Running shoes are expensive. How often should I really replace them?
Most name-brand running shoes cost over $100, and specialty super shoes can run upward of $200. You can also pick up other trainers for around $50 at a discount or sporting goods store — but many runners find that they don’t feel as cushioned or comfortable, likely because they use less or lower-quality foam, Dr. Burns said.
Studies conducted in the lab and in the real-world suggest running shoes do lose significant amounts of shock absorption within 300 to 500 miles, if not earlier. That’s about three to five months if you’re a serious runner, or perhaps around nine to 12 months, if you’re getting out there a couple times per week, said Hiruni Wijayaratne, an elite marathoner and certified running coach. But it isn’t clear when this breakdown begins causing problems for your feet or legs, Dr. Burns said.
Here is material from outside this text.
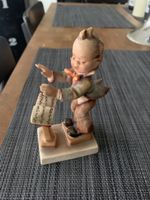 Hummel Figur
Much depends on the runner and the shoe, he said. Higher-mileage runners, those who train on harder or rugged surfaces, or people with uneven gait patterns may have to replace shoes sooner, and super shoes tend to break down faster than neutral trainers.
If you’re accustomed to running, you might feel when your shoe is nearing retirement — perhaps your arch or shins ache slightly, or your knees or heels grow sore. Visible signs of damage, such as cracks or worn-through rubber, also indicate it’s time to move on, Dr. Vincent said.
You can extend a shoe’s life by wearing it only for running and not to other workouts or the grocery store, Dr. Burns said. And if you have the funds, alternating between pairs helps too, by allowing at least 24 hours for the foam to restore its shape. There’s also some evidence that cycling through more than one model — whether it’s in a different category, or a similar style in different brands — reduces injury risk, perhaps because it slightly varies the repetitive stresses on your body.
Finding the right sneaker can feel daunting, but don’t stress too much about getting one perfect pair, Dr. Burns said. Instead, recognize there’s likely a range of shoes that will work for you — and the search is all part of the running journey.